In this paper, we presented a deep supervised fully convolutional network for vessel segmentation from retinal images. By leveraging the multi-scale hierarchical features with different receptive fields, the network achieves high classification and precise localization abilities simultaneously, enabling it to handle variations in the receptive field size as demanded by different regions.

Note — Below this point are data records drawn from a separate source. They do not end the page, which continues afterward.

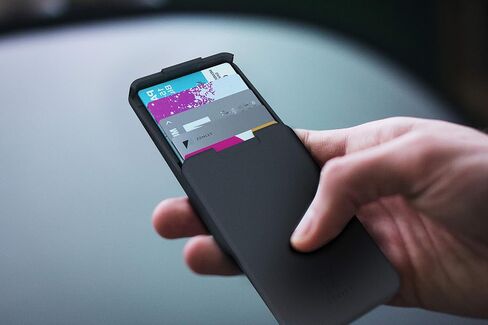 حامل بطاقات الائتمان RFID Minimalist من ZENLET - محفظة رفيعة لمنع RFID للنساء والرجال - حافظة جيب أمامية صغيرة ورقيقة للبطاقات - حامل منظم بطاقات الائتمان مقاوم للماء والخدش - أسود in Saudi Arabia
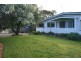 232 Lewisham Scenic Drive, Lewisham TAS 7173
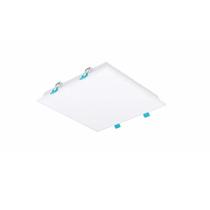 Painel De Embutir Edge Led 20W 2200LM Stella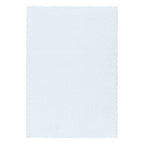 Shaggy Hochflorteppich - SYDNEY 3000 WHITE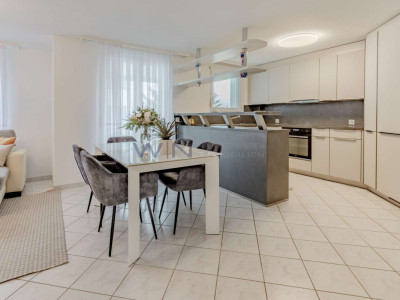 Ihr privates Paradies wartet auf Sie image 6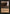 Hidden Horror [Portal Second Age] - Magic: The Gathering - Card Brawlers | Quebec | Canada |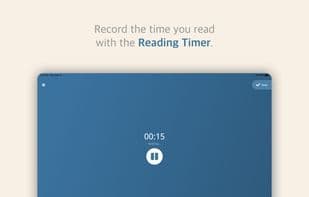 Bookmory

Deep supervision with auxiliary classifiers helps to guide the back propagation of gradient flow and improves the discriminative capability of features in lower layers. To alleviate the issue of insufficient medical training data, the transferred knowledge learned from other domains is used to reduce overfitting on the limited medical dataset and boost performance. Furthermore, our approach does not rely on hand-crafted features and needs no problem-specific preprocessing or postprocessing, which reduces the impact of subjective factors. The results of cross-training also illustrate its robustness with respect to the training set. Extensive experiments on three benchmark datasets demonstrate the effectiveness and efficiency of our method. Compared with state-of-the-art methods, the proposed approach yields better or comparable performance with a much faster computation speed, which makes it suitable for clinical applications.